What has America left behind in Iraq?

The last convoy of U.S. troops left Iraq on Sunday, formally concluding nearly nine years of war. It is telling of the condition America is leaving the country in that U.S. forces had been paying off tribal sheikhs—$100,000 a month—to secure stretches of highway leading south into Kuwait, in order to reduce the threat of roadside bombings and attacks on convoys as they departed. Can it be called a victory when a military force has to resort to bribery to secure its path of retreat?

America leaves the fledgling Iraqi democracy with an unstable government under the heavy influence of neighboring Iran, as insurgency attacks continue. Since U.S. forces toppled Saddam Hussein in 2003, Iraq has moved into Iran’s sphere of influence, and in just the few days since American forces left the country, a sectarian crisis has erupted, with the Shiites wasting no time in throwing their weight around.

Iraq’s Sunnis rejected a call for all-party talks on Wednesday after vowing to try to unseat Shiite Prime Minister Nuri al-Maliki.
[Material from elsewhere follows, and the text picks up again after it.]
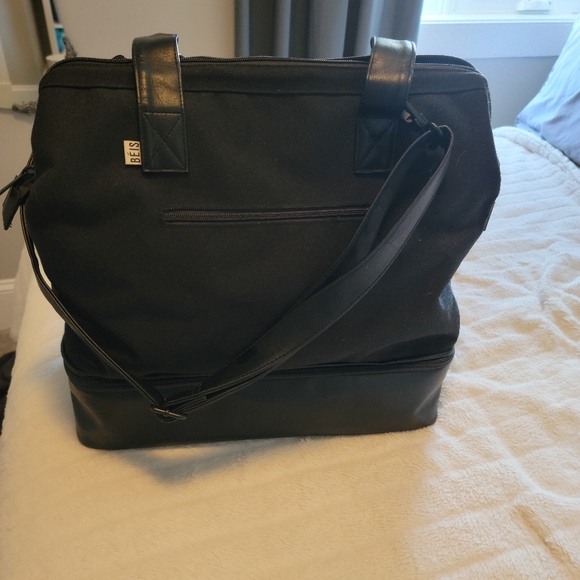 SOLD BEIS mini weekender - Picture 5 of 9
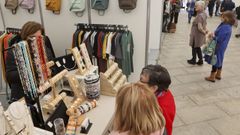 Imagen del mercado de artesan�a instalado en el Cant�n.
The Sunnis are furious over the Shiite-controlled authorities leveling terrorism charges against Sunni Vice President Tareq al-Hashemi, putting an arrest warrant out for him, on the very day the Americans left.

The Sunni deputy prime minister, the next-most-senior Sunni politician, is also being targeted by Maliki, who has asked the parliament to remove him from office.

Hashemi claims the charges against him are a fabrication, and Washington appears to agree.

The “Sunnis, outnumbered about two to one by Shiites,” reports Reuters, “see it as proof that Maliki, now freed of the trammels of U.S. occupation, is determined to tighten his personal grip on government and to marginalize the Sunnis” (December 21).

Meanwhile, a series of bombings killed at least 57 people in mainly Shiite areas of Baghdad on Thursday, seen as a response to Maliki’s efforts to sideline the two Sunni leaders.

Watch for Iran—politically and otherwise—to further cement its hold on Iraq as it takes advantage of the power and security vacuum America has left behind.